Task item>
Please set down only the lines below starting with the line with "i:SY Transport-/Kratzschutz Set" and going on through the line with "Xbox One Negra Buen Estado", verbatim and without pictures.

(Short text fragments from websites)
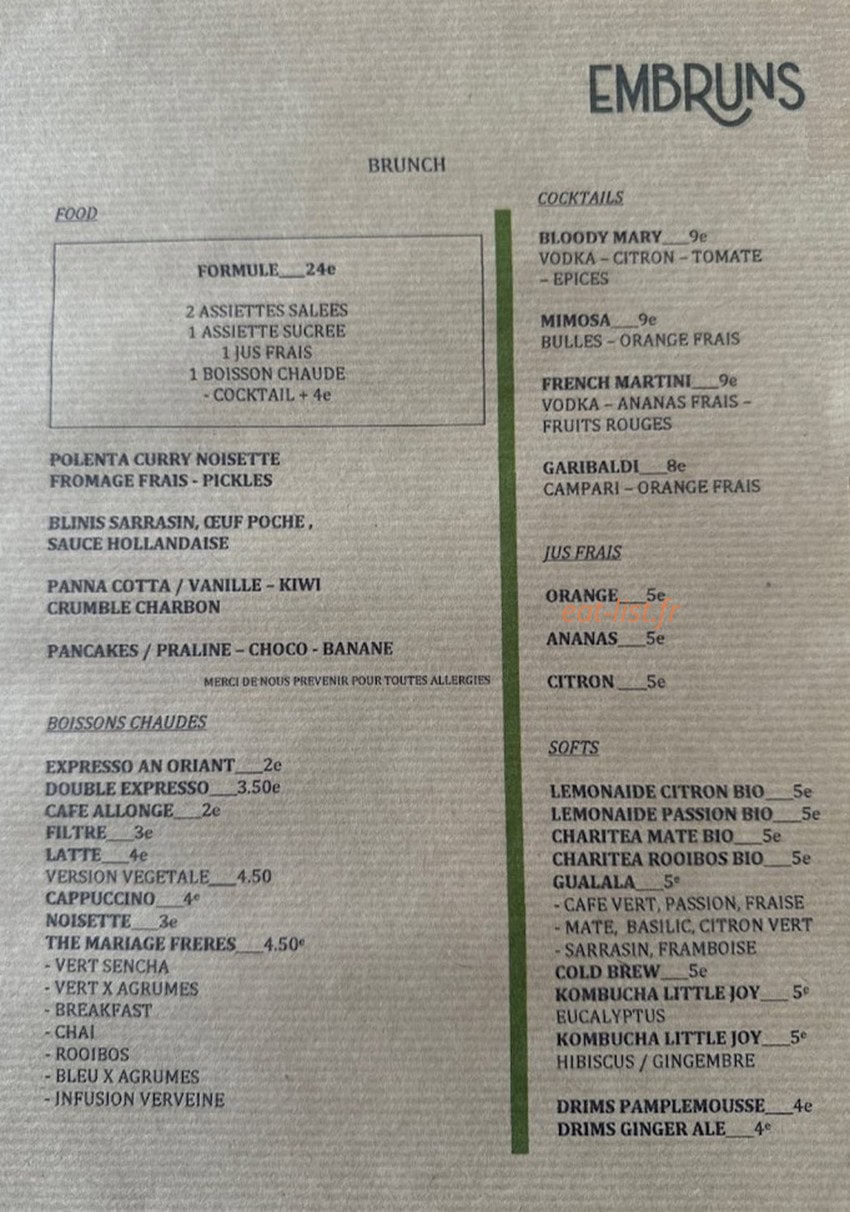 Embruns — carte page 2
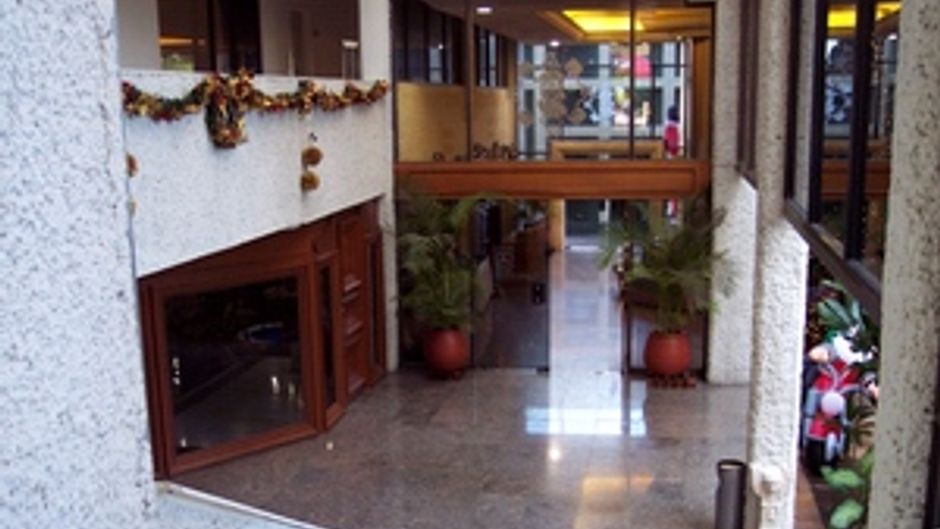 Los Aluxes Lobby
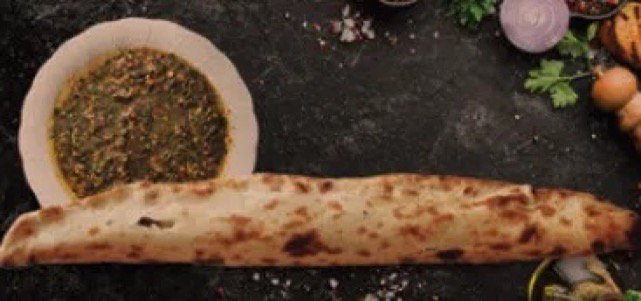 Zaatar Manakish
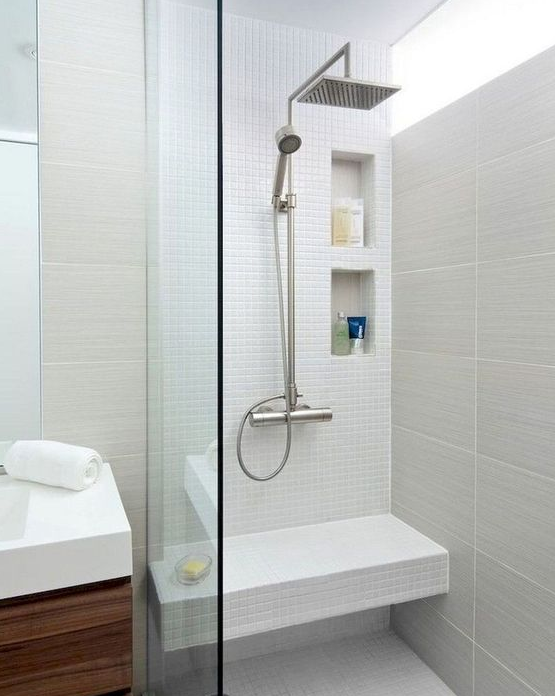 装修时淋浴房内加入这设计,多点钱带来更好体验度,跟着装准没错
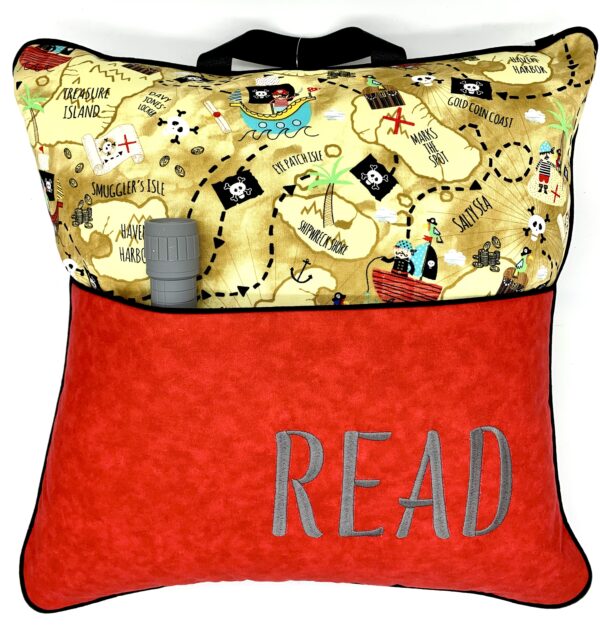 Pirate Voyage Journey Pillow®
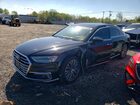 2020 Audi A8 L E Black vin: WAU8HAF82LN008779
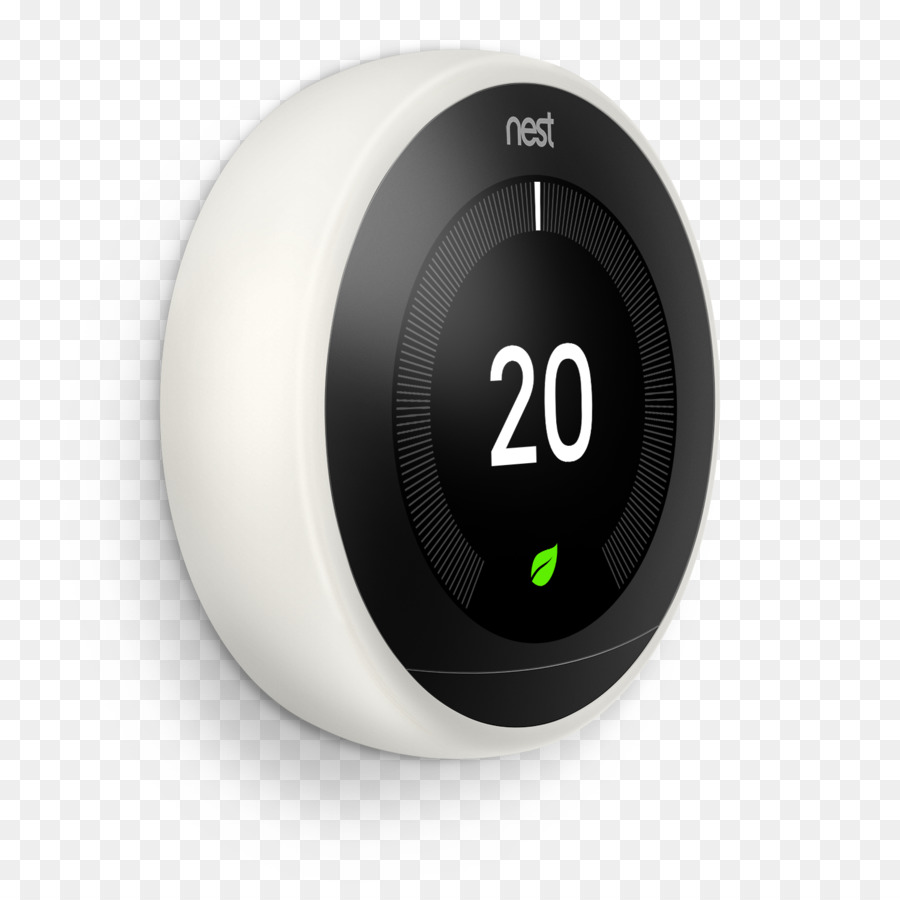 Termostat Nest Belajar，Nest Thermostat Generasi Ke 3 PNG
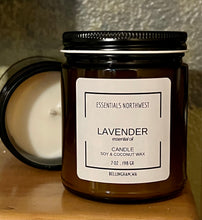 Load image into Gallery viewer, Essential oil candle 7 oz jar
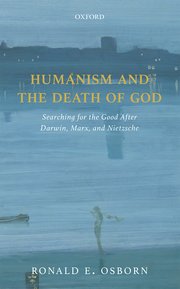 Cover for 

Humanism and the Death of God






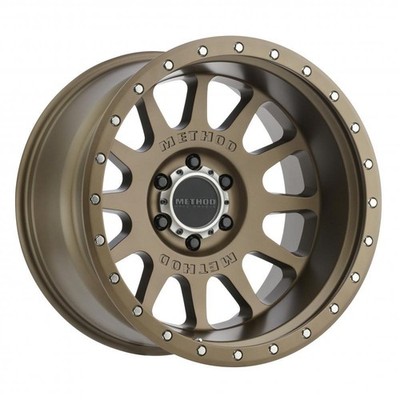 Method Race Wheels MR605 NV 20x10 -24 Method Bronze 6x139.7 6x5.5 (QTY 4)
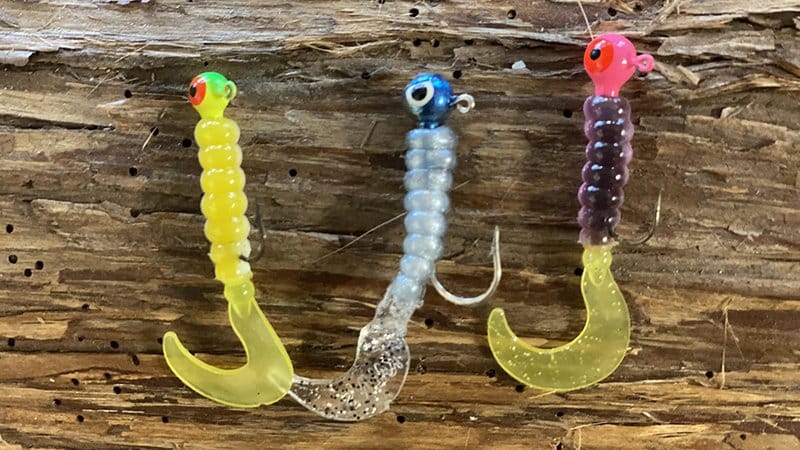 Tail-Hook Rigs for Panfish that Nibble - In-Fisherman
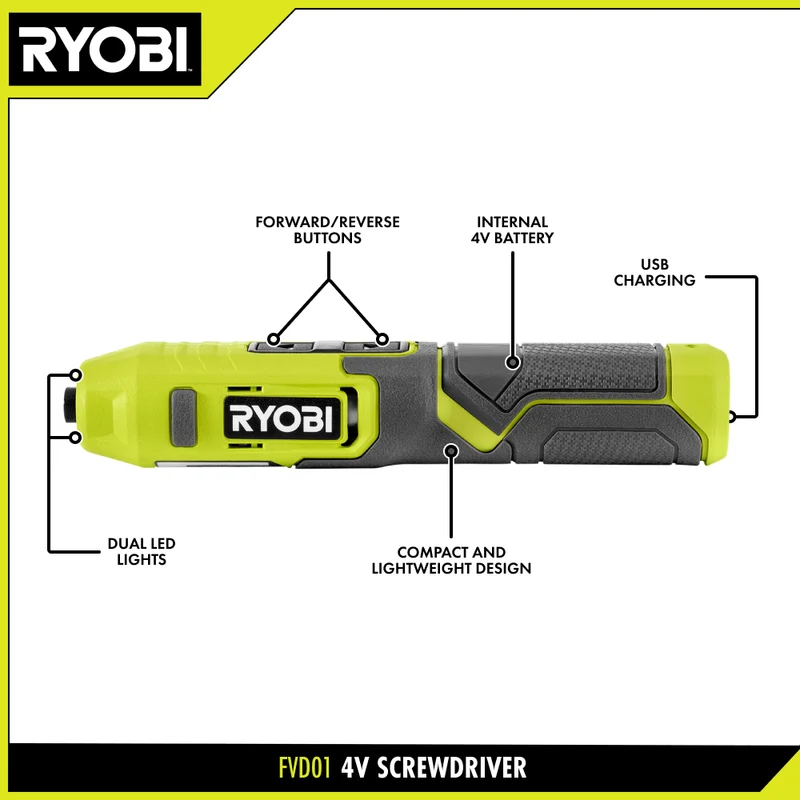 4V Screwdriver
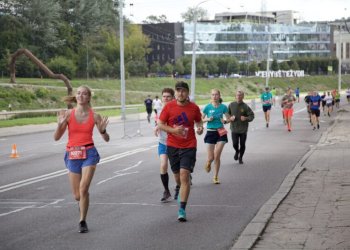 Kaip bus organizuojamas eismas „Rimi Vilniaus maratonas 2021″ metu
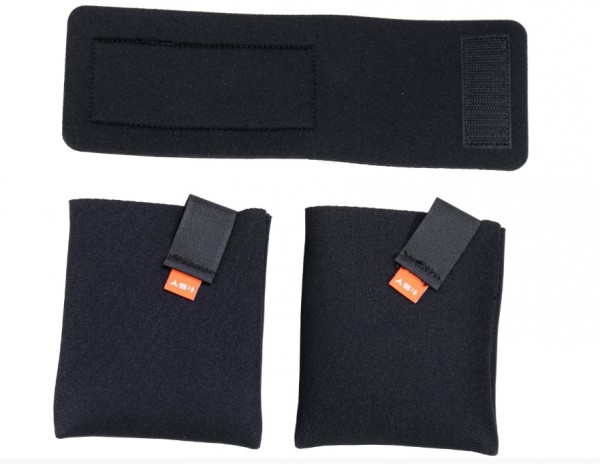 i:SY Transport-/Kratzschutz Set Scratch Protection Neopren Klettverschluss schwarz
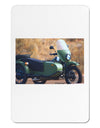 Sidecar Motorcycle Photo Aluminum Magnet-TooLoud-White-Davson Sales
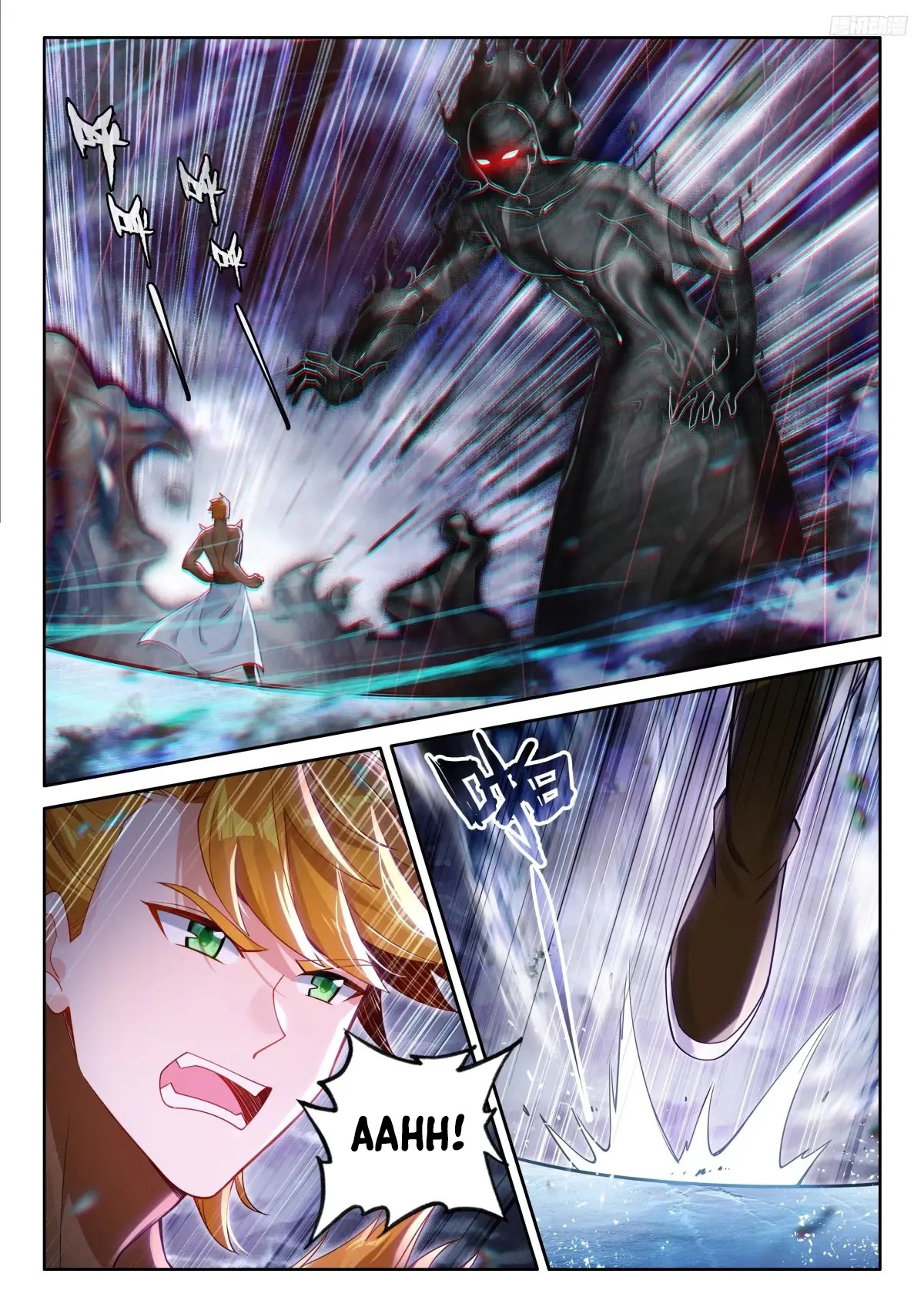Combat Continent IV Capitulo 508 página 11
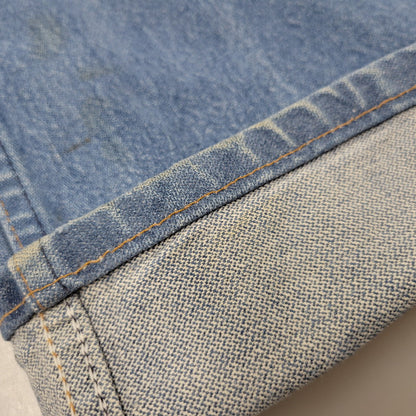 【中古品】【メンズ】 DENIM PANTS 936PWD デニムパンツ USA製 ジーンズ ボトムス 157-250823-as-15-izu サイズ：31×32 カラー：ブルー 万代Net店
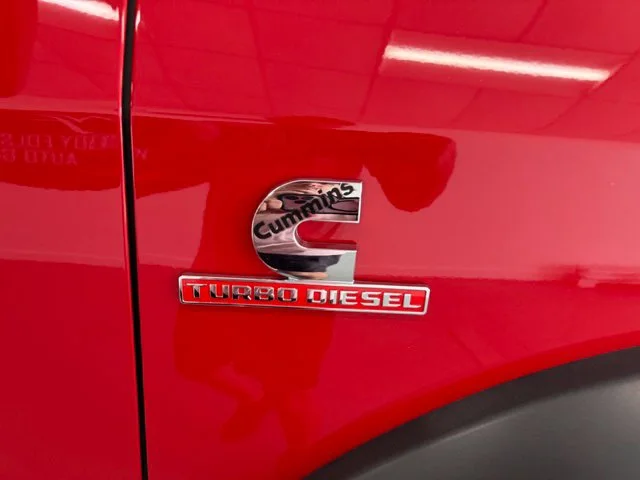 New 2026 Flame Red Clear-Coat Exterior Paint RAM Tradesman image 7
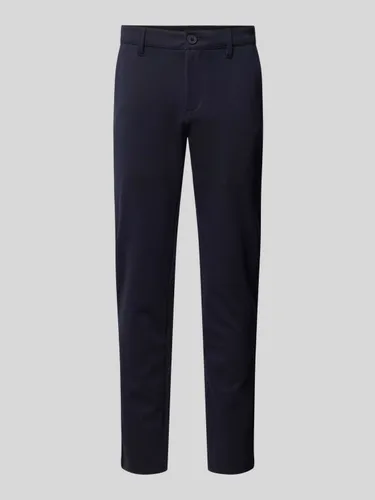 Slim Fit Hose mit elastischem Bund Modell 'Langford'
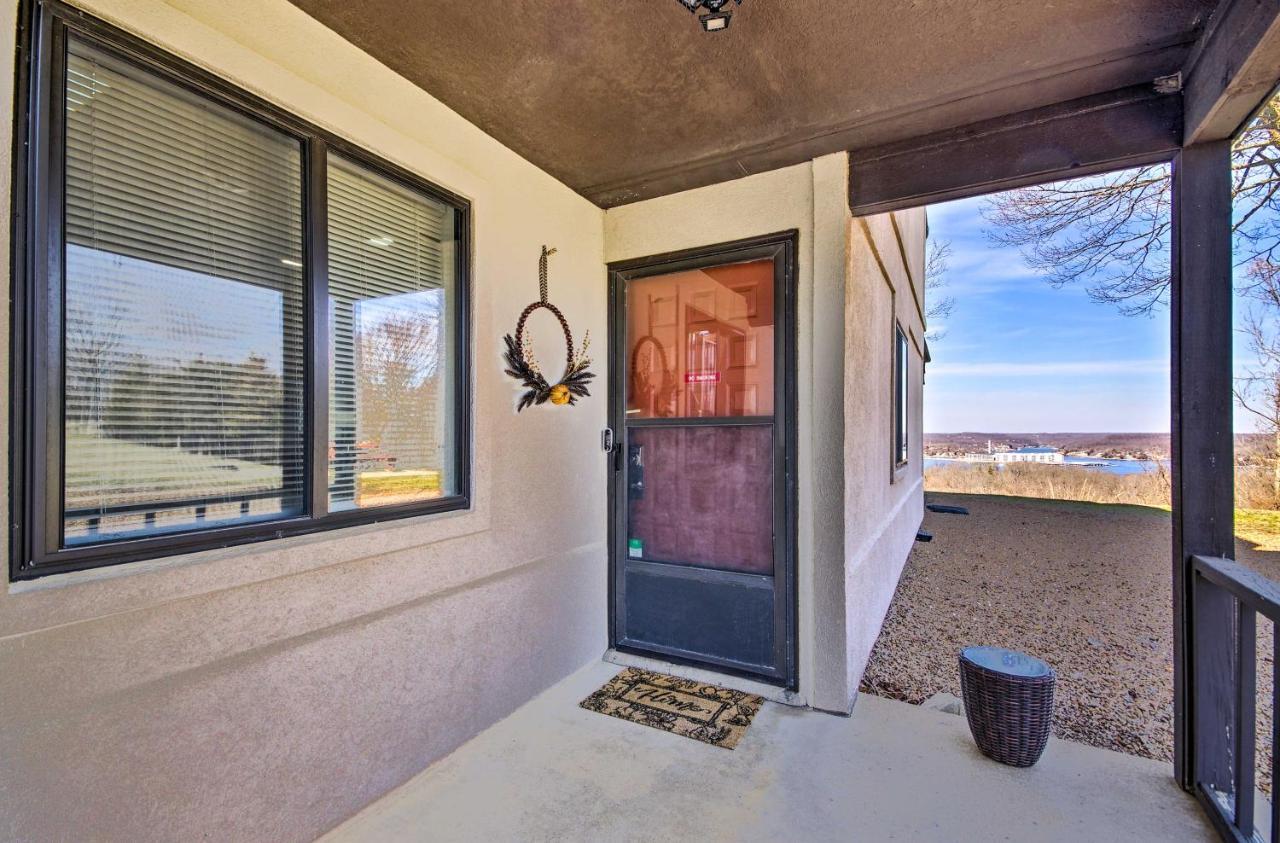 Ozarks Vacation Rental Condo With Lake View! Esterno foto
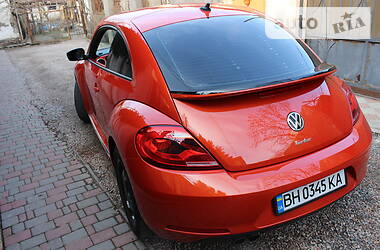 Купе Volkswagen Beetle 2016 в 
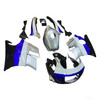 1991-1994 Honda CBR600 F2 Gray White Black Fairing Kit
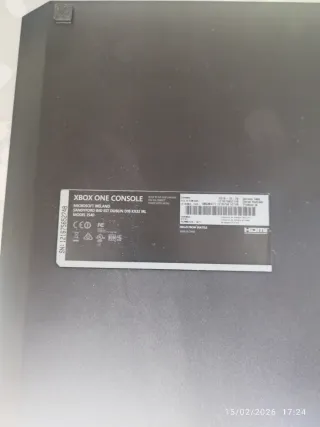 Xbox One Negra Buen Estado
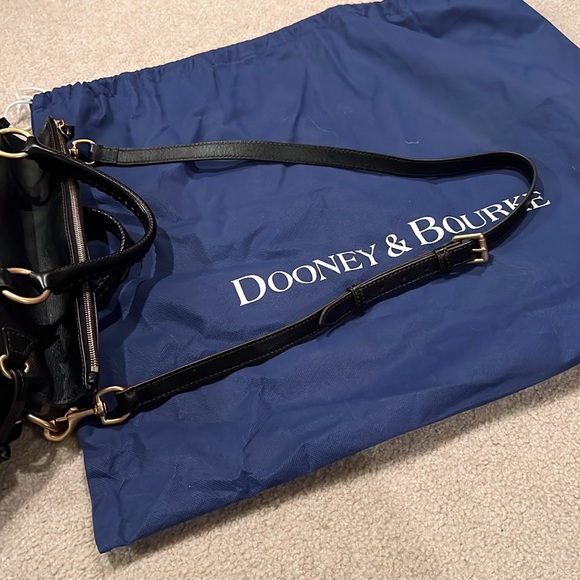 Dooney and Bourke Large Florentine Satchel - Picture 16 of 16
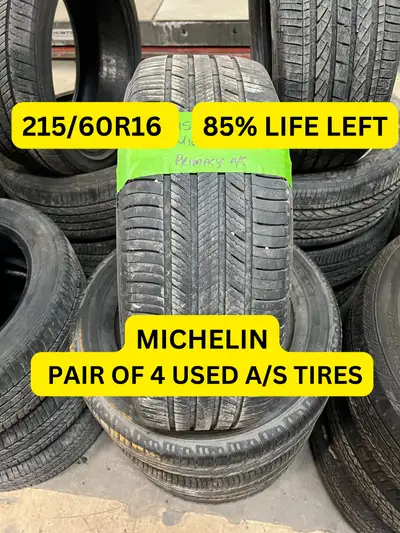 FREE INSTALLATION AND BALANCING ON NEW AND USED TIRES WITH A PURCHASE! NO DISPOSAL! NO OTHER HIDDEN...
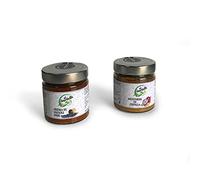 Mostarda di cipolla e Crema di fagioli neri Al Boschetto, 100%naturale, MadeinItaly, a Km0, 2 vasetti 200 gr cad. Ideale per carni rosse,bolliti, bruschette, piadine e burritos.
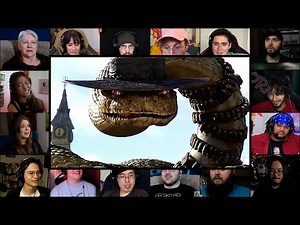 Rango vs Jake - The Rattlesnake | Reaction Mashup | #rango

Written solution>
 i:SY Transport-/Kratzschutz Set Scratch Protection Neopren Klettverschluss schwarz
 Sidecar Motorcycle Photo Aluminum Magnet-TooLoud-White-Davson Sales
Combat Continent IV Capitulo 508 página 11
 【中古品】【メンズ】 DENIM PANTS 936PWD デニムパンツ USA製 ジーンズ ボトムス 157-250823-as-15-izu サイズ：31×32 カラー：ブルー 万代Net店
 New 2026 Flame Red Clear-Coat Exterior Paint RAM Tradesman image 7
 Slim Fit Hose mit elastischem Bund Modell 'Langford'
 Ozarks Vacation Rental Condo With Lake View! Esterno foto
 Купе Volkswagen Beetle 2016 в 
 1991-1994 Honda CBR600 F2 Gray White Black Fairing Kit
 Xbox One Negra Buen Estado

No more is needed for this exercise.